§ **Directions**: For the listing below, the answer is an exact retyping of the lines from the one with "Our Mallow theme" through the one with "After you've done", both included, without pictures.

§ **Source information**:
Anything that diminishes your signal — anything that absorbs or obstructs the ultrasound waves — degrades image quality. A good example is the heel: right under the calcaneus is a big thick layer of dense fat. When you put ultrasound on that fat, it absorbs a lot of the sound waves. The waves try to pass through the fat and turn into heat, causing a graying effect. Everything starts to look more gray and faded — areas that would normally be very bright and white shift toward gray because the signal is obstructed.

...

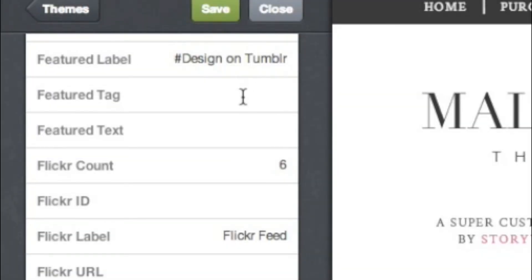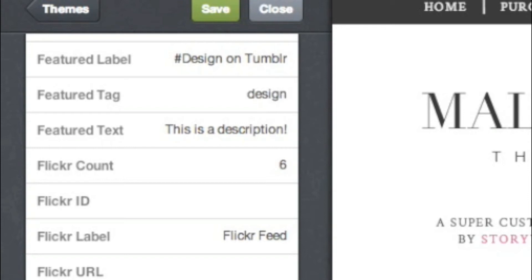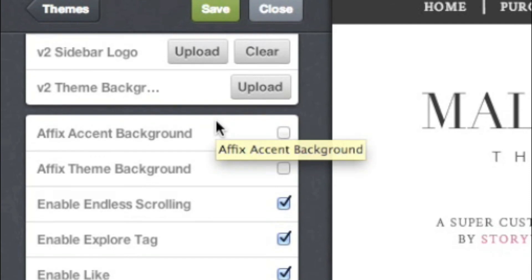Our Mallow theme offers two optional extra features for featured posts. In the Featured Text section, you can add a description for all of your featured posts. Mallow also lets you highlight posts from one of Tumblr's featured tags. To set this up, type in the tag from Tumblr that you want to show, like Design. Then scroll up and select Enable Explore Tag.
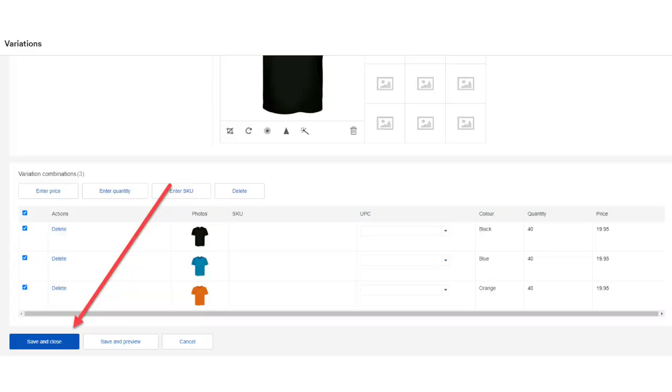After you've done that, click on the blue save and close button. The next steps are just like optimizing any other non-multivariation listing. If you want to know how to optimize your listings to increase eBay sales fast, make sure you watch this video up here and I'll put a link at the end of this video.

§ **Exercise response**:
Our Mallow theme offers two optional extra features for featured posts. In the Featured Text section, you can add a description for all of your featured posts. Mallow also lets you highlight posts from one of Tumblr's featured tags. To set this up, type in the tag from Tumblr that you want to show, like Design. Then scroll up and select Enable Explore Tag.
After you've done that, click on the blue save and close button. The next steps are just like optimizing any other non-multivariation listing. If you want to know how to optimize your listings to increase eBay sales fast, make sure you watch this video up here and I'll put a link at the end of this video.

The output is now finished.